NZX spokeswoman Rowan Macrae said it would be a shame if shareholders returned from holiday, found the offer in the mail and accepted it without reading the media coverage of the predatory scheme, which closes tomorrow.
Investors in companies including Vector, Fletcher Building, Telecom and Fisher & Paykel Appliances have been targeted with offers to buy their shares at prices well below market value.
The offer is not illegal and Whimp got shareholders' details through a public register.
One unlucky investor contacted the Business Herald after accepting the offer on December 29 and selling 840 Vector shares at $1.56 - 34 per cent below their market value of $2.36 - making a loss of $672 on the market rate.
He realised his error when he read the story on Whimp's offer in the following day's Herald.
English difficulties meant he had mistakenly believed the offer was to buy more Vector shares, at below market value, rather than sell his existing parcel.
But to make matters worse, the investor - who moved to New Zealand from Hong Kong 15 years ago - advised his friend, who held a much larger bundle of Vector shares, to accept Whimp's offer.
He said he felt foolish and "really upset" about what had occurred.
Vector spokeswoman Phillipa White said it was too early to tell how many of the firm's shareholders had accepted the offer.
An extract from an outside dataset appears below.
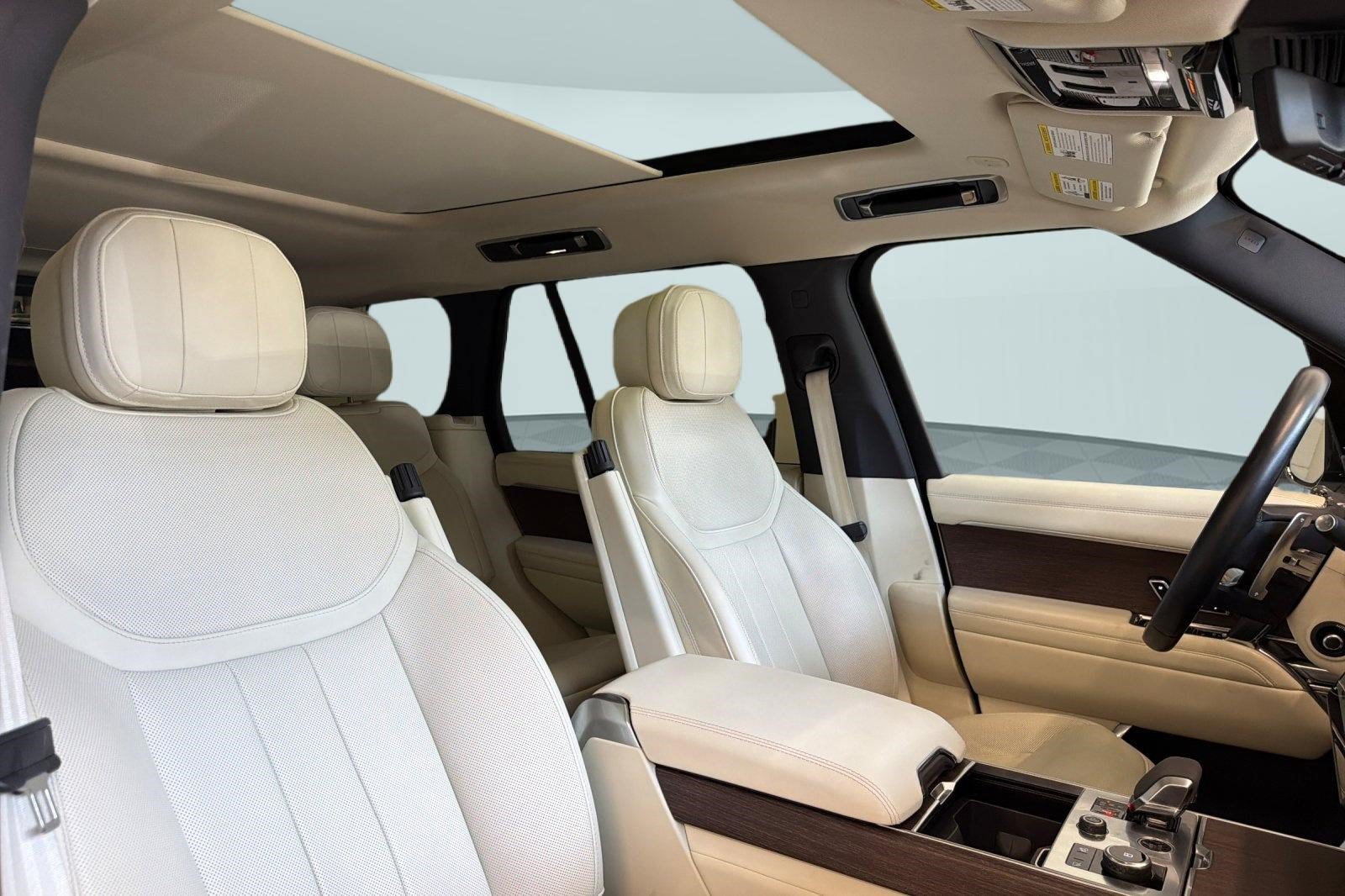 2023 Land Rover Range Rover SE - Photo 25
Philip King, Fletcher Building's general manager for investor relations, said he had been contacted by the daughter-in-law of one investor who had fallen for the scheme.
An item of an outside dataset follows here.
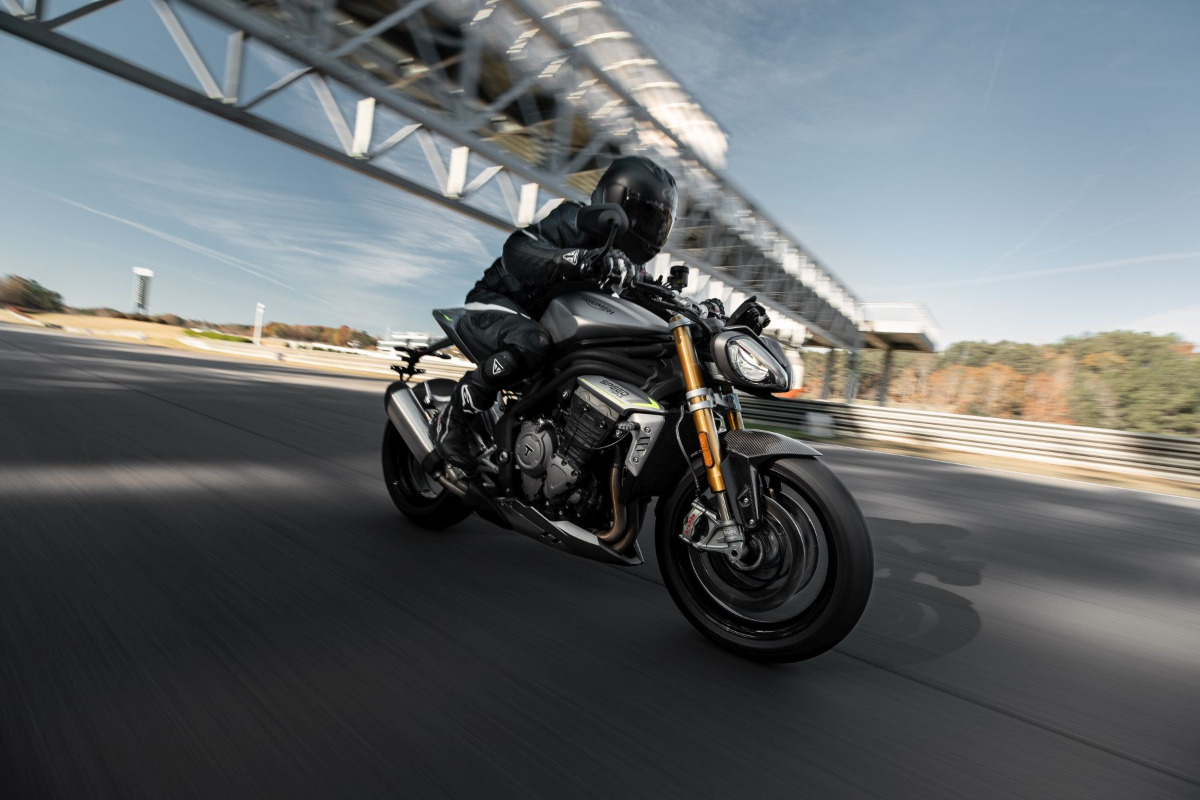 Speed Triple 1200 RS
Many shareholders who had contacted the firm regarding the offer could not believe it was legal, he said. "People find that frustrating."
Sue Brown, director of investigations and litigation at the Securities Commission, told Radio New Zealand last week that the regulator was considering whether it needed to make access to share registers more difficult, or make it a requirement to include the market value of the shares with the offers.
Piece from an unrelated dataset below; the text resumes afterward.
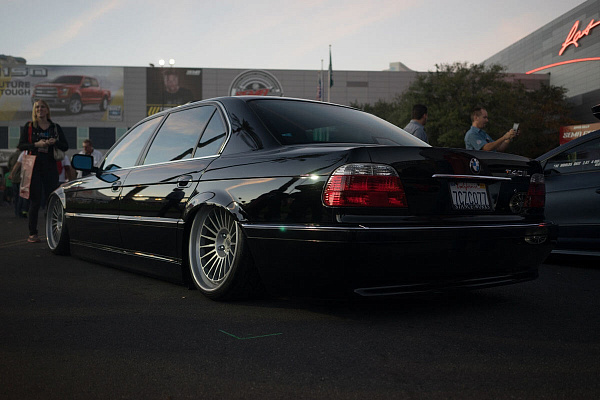 Фото дисков HRE 309 Серебро на BMW 7 (E38)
Whimp, a Christchurch property developer, uses limited partnerships to circumvent his four-year ban as a company director.
He has a history of making low offers for shares and debentures.
In August he made offers for four million DNZ Property Fund shares and managed to buy 2.2 million at 60c each.
DNZ shares have since traded at between 99c and $1.22, meaning Whimp would have made at least $858,000.
Shareholders have been encouraged to send back the postage-paid reply envelopes that came with the latest offer empty.
Hawke's Bay Today reported one reader saying: "He's getting mine back - with his letter covered in comments regarding his heritage."